Socially Phobic

March 26, 2007

Today

Filed under: Uncategorized — iambrave @ 11:33 pm

I’m not sure if I can handle it anymore. I wonder if I am being primed to feel depressed and anxious when we spend so much time in my classes talking about depression and anxiety. The class that I had tonight made me feel really shitty. The girl who was doing her presentation brought in a quiz for us to take regarding the frequency of our automatic negative thoughts. I didn’t want to take the quiz and I didn’t. I got up and went to the bathroom instead. It’s all just too personal for me sometimes. I think that the things that could potentially make me a good therapist are also the same things that could be my downfall.
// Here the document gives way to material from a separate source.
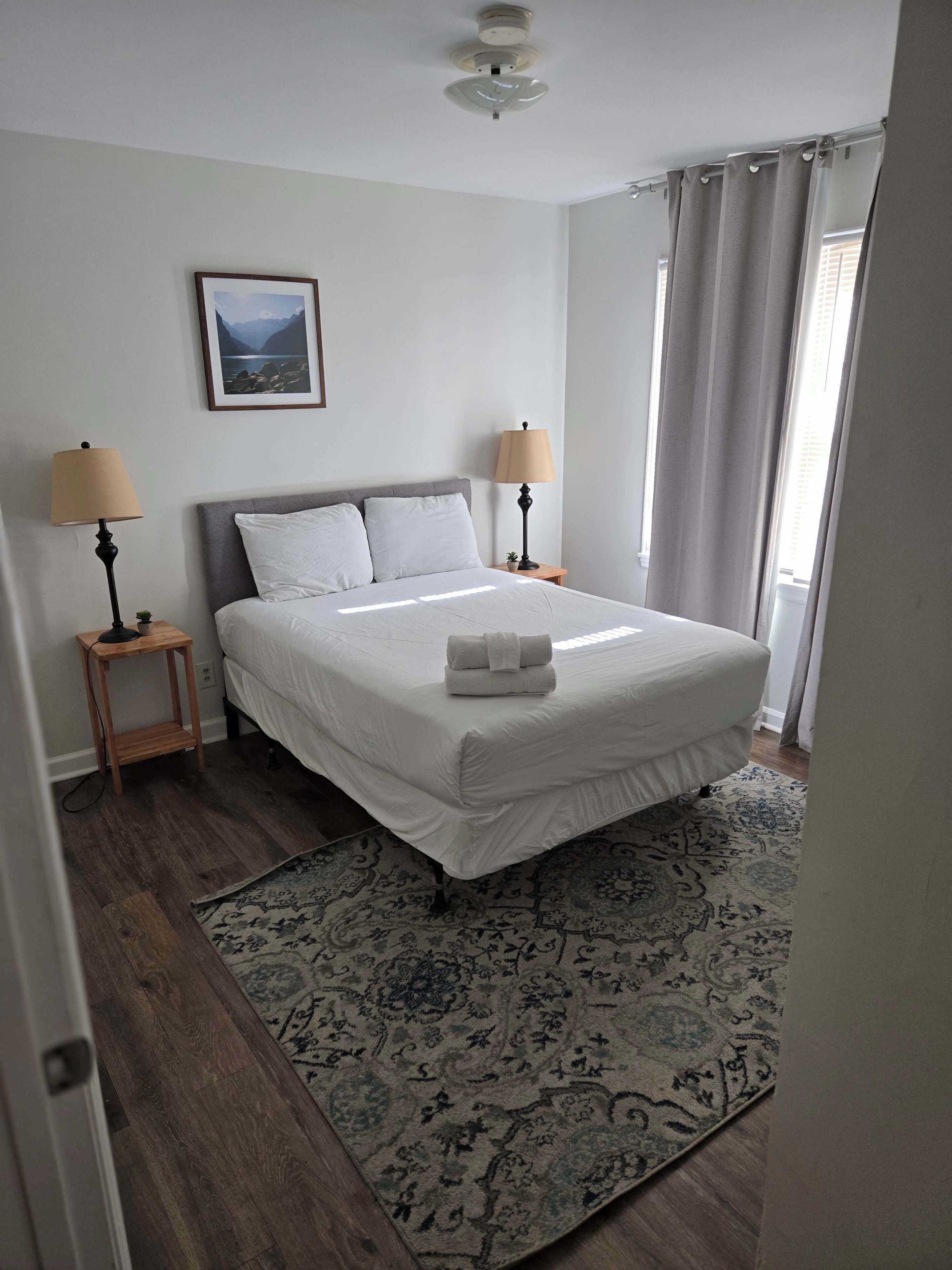 A neatly arranged bedroom with a bed, two bedside lamps, a framed picture on the wall, and a patterned rug.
I understand it all so well because I have been through it. I am living it.

And still, I go on. I made plans today for the classes that I am going to take this summer, even though I don’t know if I am going to make it or not. All that I can do right now is try to get through the semester and the wedding and I will hopefully have a clearer head after that. I hope.

Goddamn it, I don’t want to quit something again. I graduated from college six years ago now and in that time I have gotten fired from a job, started and not finished a different graduate degree, and then left my last job because of serious anxiety problems. It’s not exactly an impressive record. I have quit a lot of things in my life, and I’m not proud of it. I don’t think that I’m a lost soul, exactly. I think that my soul is in the right place. I have love in my life and I am caring and empathic and I feel passionately about a lot of things. It’s my career that’s not so impressive.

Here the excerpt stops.